What Is the Real Estate Settlement Procedures Act?

The Real Estate Settlement Procedures Act, or RESPA, was enacted by Congress to provide homebuyers and sellers with improved disclosures of settlement costs and to eliminate abusive practices in the real estate settlement process.

Understanding RESPA

Originally passed by Congress in 1974, the Real Estate Settlement Procedures Act became effective on June 20, 1975. RESPA has been impacted over the years by several changes and amendments. Enforcement initially fell under the jurisdiction of the U.S. Department of Housing & Urban Development (HUD). After 2011, those responsibilities were assumed by the Consumer Financial Protection Bureau (CFPB) due to the Dodd–Frank Wall Street Reform and Consumer Protection legislation. 

From its inception, RESPA has regulated mortgage loans attached to one-to-four family residential properties with the objective of educating borrowers regarding their settlement costs and to eliminate kickback practices and referral fees that can inflate the cost of obtaining a mortgage. The types of loans included would consist of the majority of purchase loans, assumptions, refinances, property improvement loans, and equity lines of credit. 

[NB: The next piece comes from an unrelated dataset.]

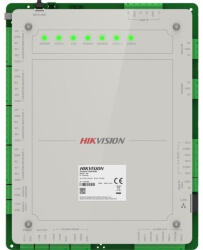 Hikvision DS-K2622X(P) Ajtóvezérlő 2 ajtóhoz; két irány; 4 Wiegand & 4 RS485 olvasó; panel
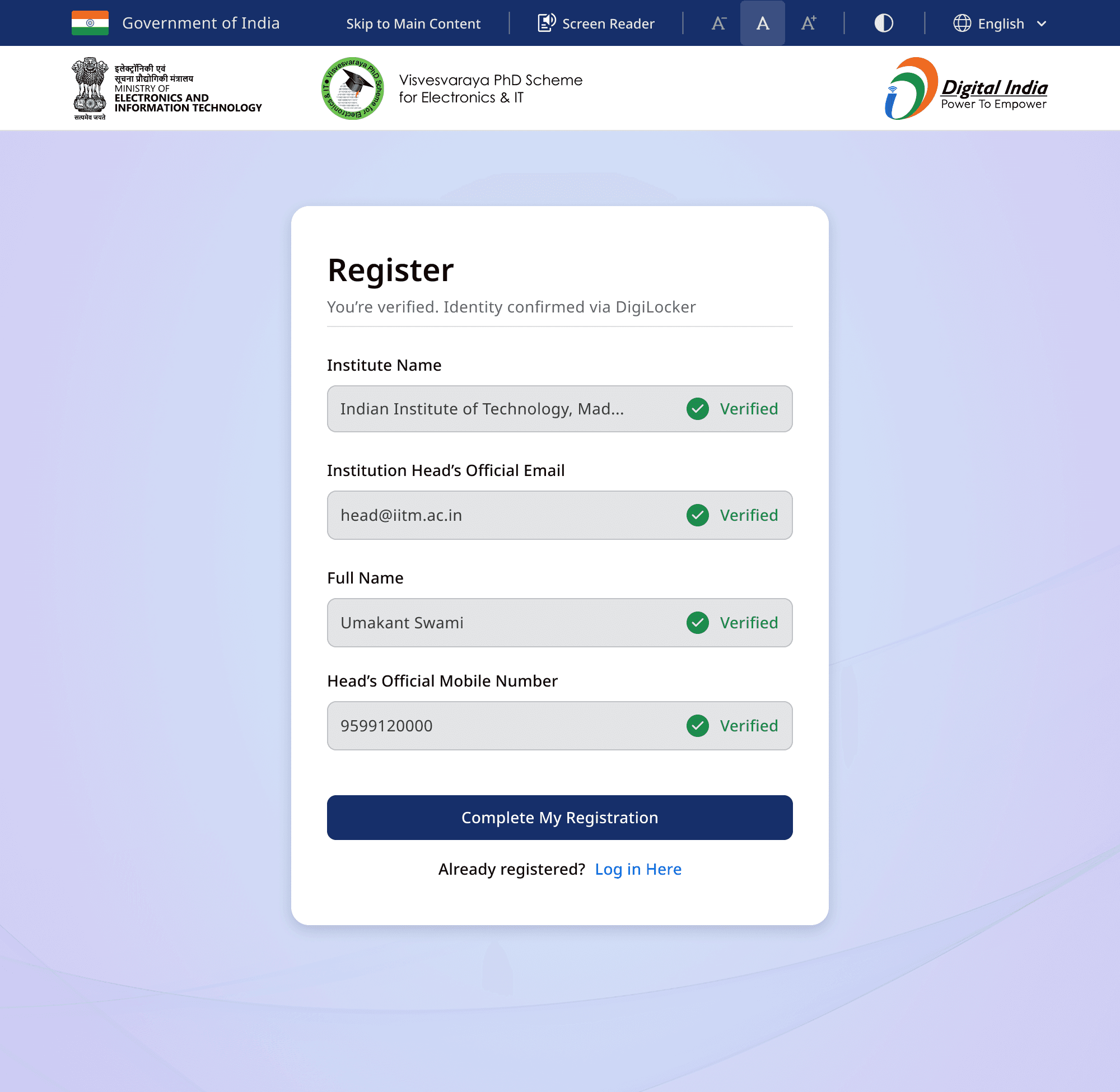 Desktop — onboarding after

RESPA attempts to regulate settlement costs by requiring lenders, mortgage brokers or servicers of home loans to provide disclosures to borrowers that will inform them about real estate transactions, settlement services, relevant consumer protection laws and any other pertinent and timely information connected to the cost of the real estate settlement process. Any business relationships between closing service providers and other parties connected to the settlement process would also need to be disclosed to the borrower.

The Act also prohibits specific practices, such as kickbacks, referral, and unearned fees. RESPA regulates the use of escrow accounts – such as prohibiting loan servicers to demand excessively large escrow accounts. RESPA also restricts sellers from mandating title insurance companies.

Enforcement Procedures for RESPA Violations

A plaintiff has up to one year to bring a lawsuit to enforce violations where kickbacks or other improper behavior occurred during the settlement process.

If the borrower has a grievance against their loan servicer, there are specific steps that must be followed before any suit can be filed. The borrower must contact their loan servicer in writing, detailing the nature of their issue. The servicer is required to respond to the borrower’s complaint in writing within 20 business days of receipt of the complaint. The Servicer has 60 business days to correct the issue or gives its reasons for the validity of the accounts current status. Borrowers should continue to make required payments until the issue is resolved.

A plaintiff has up to three years to bring a suit for specific improprieties against his or her loan servicer. Any of these suits can be brought in any federal district court if it’s either in the district where the property is located or if its the district where the RESPA violation took place.